Six decades later, General Lee Butler (no relation to Smedley) offered yet another case in which a senior officer’s retirement from active duty inspired a sudden outburst of candor. An air force officer, Butler spent his career as a nuclear weapons specialist. During his rise to four-star rank culminating in his assignment as head of U.S. Strategic Command, he was by his own account “embroiled in every aspect of American nuclear policymaking and force posturing, from the councils of government to military command centers, from cramped bomber cockpits to the suffocating confines of ballistic missile submarines.” Butler “certified hundreds of crews for their nuclear mission and approved thousands of targets for potential nuclear destruction.” Here was a flesh-and-blood, if far less colorful, equivalent of Stanley Kubrick’s General Buck Turgidson, dedicated to the proposition that standing in readiness to blow up the planet held the key to keeping the peace. During the Cold War, antinuclear crusaders had denounced such thinking as madness. Air force officers had dismissed such criticism as naive.

Yet no sooner did Butler retire in 1994 than he switched sides, characterizing nuclear weapons as “inherently dangerous, hugely expensive, militarily inefficient and morally indefensible” and nuclear war as “a raging, insatiable beast whose instincts and appetites we pretend to understand but cannot possibly control”—just what the peaceniks had been saying all along.
2
The U.S. nuclear arsenal had not deterred the Soviet Union, he insisted; instead the “presence of these hideous devices unnecessarily prolonged and intensified the Cold War.”
3
As with Smedley Butler, the cause to which Lee Butler had devoted his professional life turned out—so he belatedly discovered—to have been false.

Some officers suffer the onset of Smedley’s syndrome only after a considerable lapse of time. Admiral William H. Standley offers an example. Prior to World War II, President Franklin D. Roosevelt had appointed Standley to the position of chief of naval operations, the U.S. Navy’s top post. During the war, Roosevelt sent him to Moscow, where the admiral did a tour as U.S. ambassador. In between those two assignments, he served on the Roberts Commission, created in mid-December 1941 to investigate the Japanese attack on Pearl Harbor.

The commission’s purpose was to fix accountability for this disaster. Its hastily drafted report did just that, charging the senior army and navy commanders in Hawaii with “dereliction of duty.”
4
As a consequence, Admiral Husband Kimmel and Lieutenant General Walter Short lost their jobs; the people to whom Kimmel and Short reported and from whom they got their marching orders kept theirs. Standley and his colleagues concurred unanimously in the report’s findings.

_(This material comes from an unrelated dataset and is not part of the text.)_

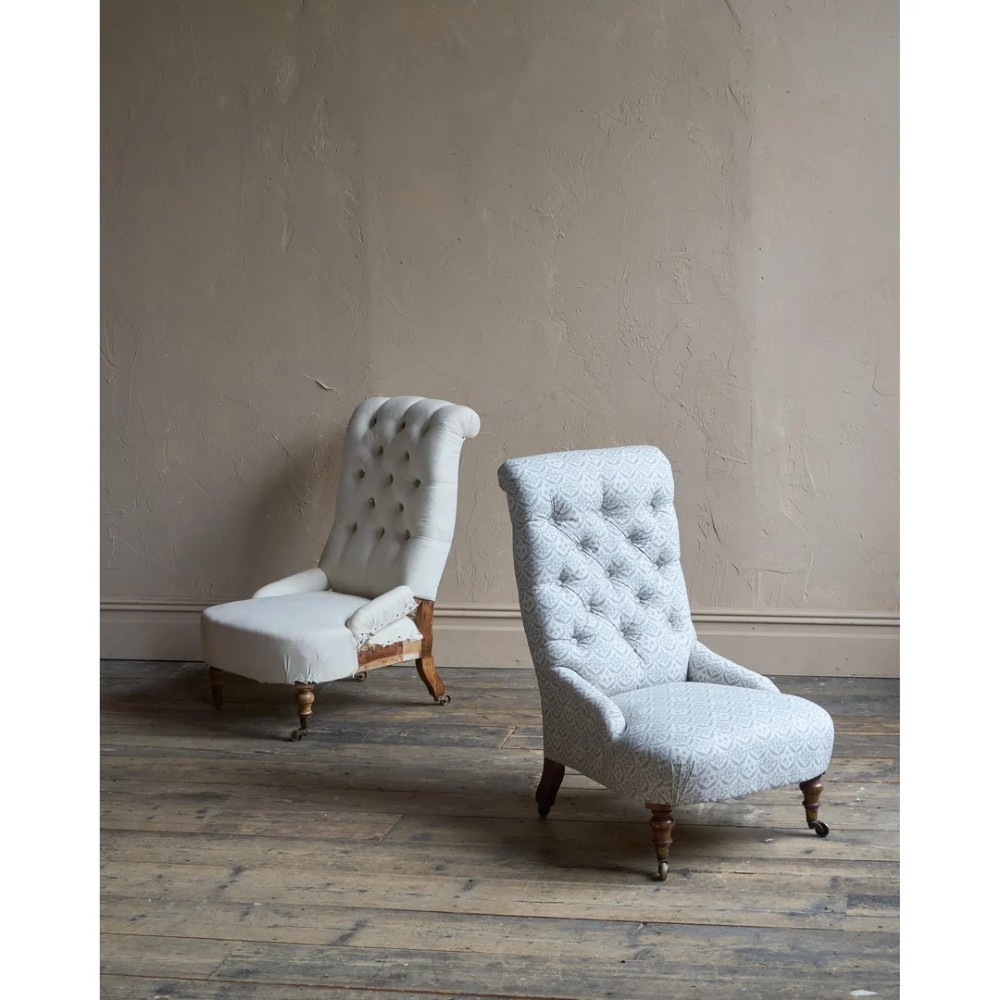 A pair of low Victorian button-back armchairs with turned wooden legs and brass castors, one in calico and one in patterned grey fabric.
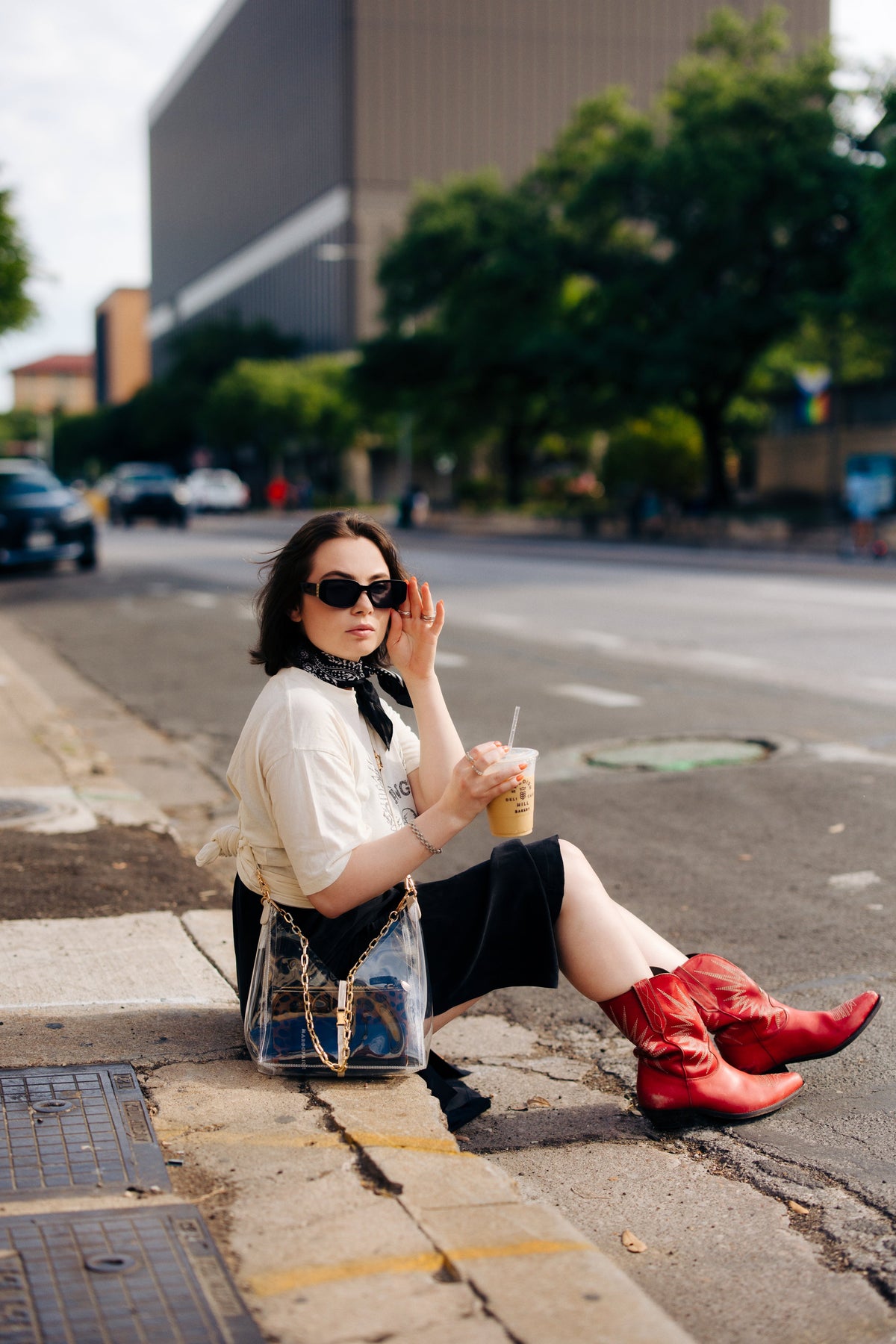 Woman seated on a city sidewalk wearing sunglasses and red boots with a clear crossbody bag and gold chain strap from Margo Paige New Arrivals collection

Yet the commission’s narrowly drawn conclusions almost immediately fueled suspicions of a whitewash—suspicions that Standley himself ultimately endorsed. As with the Generals Butler, so, too, with Admiral Standley: the transition from insider to outsider gave rise to second thoughts. In 1954, he denounced the Roberts Commission’s findings, stating his “firm belief that the real responsibility for the disaster at Pearl Harbor was lodged thousands of miles from the Territory of Hawaii.” Kimmel and Short had been “martyred.” A fair-minded investigation would have found the uniformed heads of the army and navy back in Washington “fully culpable.” The whole purpose of the “hurriedly ordered” Roberts Commission, he now declared, had been “to forestall” any congressional inclination to ask unwelcome questions.